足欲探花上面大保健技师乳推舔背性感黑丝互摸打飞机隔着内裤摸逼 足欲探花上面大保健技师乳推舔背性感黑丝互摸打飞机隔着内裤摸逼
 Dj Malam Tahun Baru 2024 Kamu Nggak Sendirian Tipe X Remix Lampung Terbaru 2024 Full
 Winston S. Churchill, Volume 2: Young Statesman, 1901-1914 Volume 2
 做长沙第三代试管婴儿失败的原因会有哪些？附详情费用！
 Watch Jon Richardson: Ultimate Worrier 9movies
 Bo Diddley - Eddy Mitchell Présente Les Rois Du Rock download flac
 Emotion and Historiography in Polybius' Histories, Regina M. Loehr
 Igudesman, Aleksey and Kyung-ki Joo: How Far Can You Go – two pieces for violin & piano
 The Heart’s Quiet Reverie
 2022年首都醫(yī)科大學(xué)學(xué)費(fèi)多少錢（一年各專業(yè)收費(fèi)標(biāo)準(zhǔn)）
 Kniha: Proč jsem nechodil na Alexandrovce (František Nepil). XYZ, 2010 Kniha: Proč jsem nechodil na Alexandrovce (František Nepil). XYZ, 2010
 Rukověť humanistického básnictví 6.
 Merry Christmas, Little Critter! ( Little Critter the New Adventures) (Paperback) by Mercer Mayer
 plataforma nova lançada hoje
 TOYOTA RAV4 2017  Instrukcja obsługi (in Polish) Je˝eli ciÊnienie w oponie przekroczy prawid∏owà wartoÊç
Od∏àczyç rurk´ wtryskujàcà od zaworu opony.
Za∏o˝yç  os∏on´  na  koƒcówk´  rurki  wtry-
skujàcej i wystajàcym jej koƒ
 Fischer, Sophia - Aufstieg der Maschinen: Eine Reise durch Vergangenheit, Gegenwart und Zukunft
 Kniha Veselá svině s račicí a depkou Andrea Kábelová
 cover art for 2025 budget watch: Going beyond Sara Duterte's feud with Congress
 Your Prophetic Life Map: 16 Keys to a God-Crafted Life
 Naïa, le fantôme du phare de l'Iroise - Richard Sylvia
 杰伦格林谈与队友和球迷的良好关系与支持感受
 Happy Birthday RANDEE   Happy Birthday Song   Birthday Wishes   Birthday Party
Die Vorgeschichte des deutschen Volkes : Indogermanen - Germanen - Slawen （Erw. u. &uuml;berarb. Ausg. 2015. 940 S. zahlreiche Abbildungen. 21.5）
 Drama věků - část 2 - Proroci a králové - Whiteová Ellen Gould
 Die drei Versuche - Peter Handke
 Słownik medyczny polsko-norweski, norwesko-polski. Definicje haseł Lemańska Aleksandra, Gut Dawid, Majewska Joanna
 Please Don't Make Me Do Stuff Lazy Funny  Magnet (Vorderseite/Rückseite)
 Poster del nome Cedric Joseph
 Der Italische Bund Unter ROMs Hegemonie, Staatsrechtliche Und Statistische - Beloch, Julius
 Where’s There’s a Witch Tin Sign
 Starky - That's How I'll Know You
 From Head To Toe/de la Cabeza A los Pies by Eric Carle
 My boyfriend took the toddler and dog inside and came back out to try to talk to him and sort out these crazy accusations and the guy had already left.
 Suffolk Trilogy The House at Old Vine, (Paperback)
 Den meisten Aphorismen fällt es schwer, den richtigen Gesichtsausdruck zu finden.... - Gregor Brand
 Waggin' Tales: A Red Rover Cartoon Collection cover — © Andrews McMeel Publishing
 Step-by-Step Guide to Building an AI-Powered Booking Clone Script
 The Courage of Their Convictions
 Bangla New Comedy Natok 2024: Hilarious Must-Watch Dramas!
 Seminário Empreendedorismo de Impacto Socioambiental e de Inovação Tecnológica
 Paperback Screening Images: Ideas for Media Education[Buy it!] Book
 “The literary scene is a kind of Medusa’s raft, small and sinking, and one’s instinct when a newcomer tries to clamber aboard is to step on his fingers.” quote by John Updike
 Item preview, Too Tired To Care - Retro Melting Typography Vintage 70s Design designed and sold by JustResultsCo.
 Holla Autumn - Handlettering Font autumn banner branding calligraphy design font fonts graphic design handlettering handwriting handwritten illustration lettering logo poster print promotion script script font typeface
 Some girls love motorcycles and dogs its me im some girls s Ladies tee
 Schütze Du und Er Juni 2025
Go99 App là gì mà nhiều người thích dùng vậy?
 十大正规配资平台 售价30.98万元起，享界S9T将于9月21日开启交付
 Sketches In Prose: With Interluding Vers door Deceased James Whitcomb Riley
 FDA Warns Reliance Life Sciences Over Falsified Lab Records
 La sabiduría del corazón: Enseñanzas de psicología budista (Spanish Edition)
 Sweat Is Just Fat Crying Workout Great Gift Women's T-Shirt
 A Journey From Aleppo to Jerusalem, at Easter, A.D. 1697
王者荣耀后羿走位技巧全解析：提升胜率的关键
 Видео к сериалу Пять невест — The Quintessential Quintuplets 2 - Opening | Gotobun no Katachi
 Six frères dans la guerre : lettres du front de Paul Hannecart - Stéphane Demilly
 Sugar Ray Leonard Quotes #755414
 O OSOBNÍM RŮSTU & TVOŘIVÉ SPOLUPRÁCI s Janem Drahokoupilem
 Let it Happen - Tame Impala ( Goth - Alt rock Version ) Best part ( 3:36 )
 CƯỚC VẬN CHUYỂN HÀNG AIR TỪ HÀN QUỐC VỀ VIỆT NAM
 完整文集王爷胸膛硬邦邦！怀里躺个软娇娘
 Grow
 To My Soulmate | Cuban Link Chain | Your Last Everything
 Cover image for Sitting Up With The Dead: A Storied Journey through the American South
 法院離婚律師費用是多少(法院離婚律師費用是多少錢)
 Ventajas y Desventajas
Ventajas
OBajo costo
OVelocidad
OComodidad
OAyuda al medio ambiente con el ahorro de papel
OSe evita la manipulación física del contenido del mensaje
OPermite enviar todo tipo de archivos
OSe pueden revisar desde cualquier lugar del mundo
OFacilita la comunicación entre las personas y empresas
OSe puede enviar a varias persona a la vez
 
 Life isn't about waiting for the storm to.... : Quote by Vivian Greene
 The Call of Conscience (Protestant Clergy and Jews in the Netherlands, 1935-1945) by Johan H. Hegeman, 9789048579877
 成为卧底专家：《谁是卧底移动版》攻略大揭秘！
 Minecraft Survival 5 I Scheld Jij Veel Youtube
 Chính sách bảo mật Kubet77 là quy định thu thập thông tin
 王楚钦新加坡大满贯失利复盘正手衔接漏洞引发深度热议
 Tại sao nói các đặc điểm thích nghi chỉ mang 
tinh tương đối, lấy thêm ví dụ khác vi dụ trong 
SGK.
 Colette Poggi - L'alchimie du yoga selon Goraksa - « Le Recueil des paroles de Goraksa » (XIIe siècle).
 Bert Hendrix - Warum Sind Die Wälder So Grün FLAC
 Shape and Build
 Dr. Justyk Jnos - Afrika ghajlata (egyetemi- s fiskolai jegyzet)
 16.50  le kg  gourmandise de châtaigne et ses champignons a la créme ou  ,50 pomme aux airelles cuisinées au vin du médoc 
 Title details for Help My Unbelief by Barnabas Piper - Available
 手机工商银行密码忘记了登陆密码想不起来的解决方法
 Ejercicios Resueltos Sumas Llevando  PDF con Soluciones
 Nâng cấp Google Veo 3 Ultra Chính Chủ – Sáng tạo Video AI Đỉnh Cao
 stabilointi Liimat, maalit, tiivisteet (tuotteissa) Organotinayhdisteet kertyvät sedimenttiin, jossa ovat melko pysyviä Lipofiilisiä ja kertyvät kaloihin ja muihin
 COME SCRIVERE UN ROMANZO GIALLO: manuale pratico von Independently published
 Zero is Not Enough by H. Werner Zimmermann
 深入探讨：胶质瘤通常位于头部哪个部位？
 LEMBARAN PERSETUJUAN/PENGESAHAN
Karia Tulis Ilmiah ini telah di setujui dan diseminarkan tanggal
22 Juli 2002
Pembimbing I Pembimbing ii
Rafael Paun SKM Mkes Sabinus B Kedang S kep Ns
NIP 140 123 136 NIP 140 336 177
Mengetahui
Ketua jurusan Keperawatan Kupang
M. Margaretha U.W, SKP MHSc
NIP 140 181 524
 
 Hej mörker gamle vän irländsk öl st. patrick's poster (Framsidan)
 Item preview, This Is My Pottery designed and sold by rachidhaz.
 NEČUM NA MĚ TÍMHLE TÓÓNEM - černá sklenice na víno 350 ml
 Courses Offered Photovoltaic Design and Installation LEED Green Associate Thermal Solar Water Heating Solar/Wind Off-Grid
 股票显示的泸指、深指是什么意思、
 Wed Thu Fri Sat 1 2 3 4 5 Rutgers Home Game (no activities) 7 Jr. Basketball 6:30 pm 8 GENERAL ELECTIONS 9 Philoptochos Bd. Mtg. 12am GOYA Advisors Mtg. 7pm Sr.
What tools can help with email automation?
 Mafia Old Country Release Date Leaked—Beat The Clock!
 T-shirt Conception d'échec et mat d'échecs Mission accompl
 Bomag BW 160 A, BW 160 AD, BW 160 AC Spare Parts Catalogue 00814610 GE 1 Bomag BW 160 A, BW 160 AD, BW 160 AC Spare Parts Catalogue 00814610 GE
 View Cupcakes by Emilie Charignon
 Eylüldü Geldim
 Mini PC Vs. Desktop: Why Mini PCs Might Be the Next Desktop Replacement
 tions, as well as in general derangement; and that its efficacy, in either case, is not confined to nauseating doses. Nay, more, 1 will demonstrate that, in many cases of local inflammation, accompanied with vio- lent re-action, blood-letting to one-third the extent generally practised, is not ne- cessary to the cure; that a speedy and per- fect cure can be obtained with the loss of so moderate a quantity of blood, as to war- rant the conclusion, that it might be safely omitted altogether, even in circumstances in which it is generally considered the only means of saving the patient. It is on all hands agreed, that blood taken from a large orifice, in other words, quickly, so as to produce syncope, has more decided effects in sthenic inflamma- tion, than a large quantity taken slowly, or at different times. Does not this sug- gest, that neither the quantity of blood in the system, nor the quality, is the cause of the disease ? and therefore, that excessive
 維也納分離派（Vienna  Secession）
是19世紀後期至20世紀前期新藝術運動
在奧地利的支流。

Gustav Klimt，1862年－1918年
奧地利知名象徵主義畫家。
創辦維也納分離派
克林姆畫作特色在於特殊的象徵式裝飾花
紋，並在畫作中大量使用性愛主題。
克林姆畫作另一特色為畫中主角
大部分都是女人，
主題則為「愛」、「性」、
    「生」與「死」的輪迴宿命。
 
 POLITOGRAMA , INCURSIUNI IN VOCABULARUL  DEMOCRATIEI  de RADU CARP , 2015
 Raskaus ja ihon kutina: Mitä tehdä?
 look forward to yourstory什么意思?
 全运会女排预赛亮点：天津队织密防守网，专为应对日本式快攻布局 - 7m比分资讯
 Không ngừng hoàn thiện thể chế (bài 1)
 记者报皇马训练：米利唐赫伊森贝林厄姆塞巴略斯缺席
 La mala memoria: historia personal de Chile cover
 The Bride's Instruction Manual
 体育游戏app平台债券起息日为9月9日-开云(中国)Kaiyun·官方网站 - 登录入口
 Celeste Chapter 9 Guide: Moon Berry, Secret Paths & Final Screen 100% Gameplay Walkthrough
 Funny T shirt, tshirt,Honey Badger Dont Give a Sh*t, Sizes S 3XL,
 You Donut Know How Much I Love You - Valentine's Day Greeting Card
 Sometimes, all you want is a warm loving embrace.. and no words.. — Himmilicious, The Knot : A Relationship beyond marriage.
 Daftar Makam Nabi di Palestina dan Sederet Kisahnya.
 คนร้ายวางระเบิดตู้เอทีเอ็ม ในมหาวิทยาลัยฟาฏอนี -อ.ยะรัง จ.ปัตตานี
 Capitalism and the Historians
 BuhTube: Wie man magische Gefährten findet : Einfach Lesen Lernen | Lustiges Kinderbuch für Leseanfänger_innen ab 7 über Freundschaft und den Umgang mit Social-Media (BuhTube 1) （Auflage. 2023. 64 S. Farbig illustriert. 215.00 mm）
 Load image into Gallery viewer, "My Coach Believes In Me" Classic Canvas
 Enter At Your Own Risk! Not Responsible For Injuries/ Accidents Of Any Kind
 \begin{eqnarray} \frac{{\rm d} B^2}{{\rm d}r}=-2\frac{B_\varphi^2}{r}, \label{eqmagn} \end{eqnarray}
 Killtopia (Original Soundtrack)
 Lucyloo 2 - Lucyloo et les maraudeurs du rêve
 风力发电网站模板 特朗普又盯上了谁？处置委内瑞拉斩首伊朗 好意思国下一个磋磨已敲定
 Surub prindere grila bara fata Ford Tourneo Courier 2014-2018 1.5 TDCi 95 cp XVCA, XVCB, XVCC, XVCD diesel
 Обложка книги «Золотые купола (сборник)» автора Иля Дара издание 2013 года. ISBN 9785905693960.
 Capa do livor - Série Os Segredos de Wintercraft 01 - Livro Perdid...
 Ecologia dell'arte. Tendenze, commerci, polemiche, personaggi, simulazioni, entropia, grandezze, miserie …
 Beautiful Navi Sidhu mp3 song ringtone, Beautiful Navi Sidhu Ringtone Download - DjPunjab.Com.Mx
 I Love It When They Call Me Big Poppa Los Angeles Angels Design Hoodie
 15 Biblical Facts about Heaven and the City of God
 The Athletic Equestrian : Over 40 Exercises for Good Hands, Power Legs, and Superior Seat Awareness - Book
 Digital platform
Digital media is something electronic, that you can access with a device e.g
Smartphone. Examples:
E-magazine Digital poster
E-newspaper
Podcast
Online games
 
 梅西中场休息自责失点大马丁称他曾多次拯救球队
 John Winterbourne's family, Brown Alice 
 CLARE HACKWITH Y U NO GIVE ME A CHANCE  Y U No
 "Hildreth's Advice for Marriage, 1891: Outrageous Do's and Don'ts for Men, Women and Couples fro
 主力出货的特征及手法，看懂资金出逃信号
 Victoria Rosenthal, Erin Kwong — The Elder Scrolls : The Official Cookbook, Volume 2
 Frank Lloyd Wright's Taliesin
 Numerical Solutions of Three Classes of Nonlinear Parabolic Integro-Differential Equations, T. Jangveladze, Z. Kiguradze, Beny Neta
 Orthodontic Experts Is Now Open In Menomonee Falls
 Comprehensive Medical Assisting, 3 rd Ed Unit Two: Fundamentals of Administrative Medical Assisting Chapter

=======

- _Prompt_
Output exactly the lines of the material above from the one containing "Suffolk Trilogy The" up to and including the one containing "Sketches In Prose: With".

- _Result for this task_
 Suffolk Trilogy The House at Old Vine, (Paperback)
 Den meisten Aphorismen fällt es schwer, den richtigen Gesichtsausdruck zu finden.... - Gregor Brand
 Waggin' Tales: A Red Rover Cartoon Collection cover — © Andrews McMeel Publishing
 Step-by-Step Guide to Building an AI-Powered Booking Clone Script
 The Courage of Their Convictions
 Bangla New Comedy Natok 2024: Hilarious Must-Watch Dramas!
 Seminário Empreendedorismo de Impacto Socioambiental e de Inovação Tecnológica
 Paperback Screening Images: Ideas for Media Education[Buy it!] Book
 “The literary scene is a kind of Medusa’s raft, small and sinking, and one’s instinct when a newcomer tries to clamber aboard is to step on his fingers.” quote by John Updike
 Item preview, Too Tired To Care - Retro Melting Typography Vintage 70s Design designed and sold by JustResultsCo.
 Holla Autumn - Handlettering Font autumn banner branding calligraphy design font fonts graphic design handlettering handwriting handwritten illustration lettering logo poster print promotion script script font typeface
 Some girls love motorcycles and dogs its me im some girls s Ladies tee
 Schütze Du und Er Juni 2025
Go99 App là gì mà nhiều người thích dùng vậy?
 十大正规配资平台 售价30.98万元起，享界S9T将于9月21日开启交付
 Sketches In Prose: With Interluding Vers door Deceased James Whitcomb Riley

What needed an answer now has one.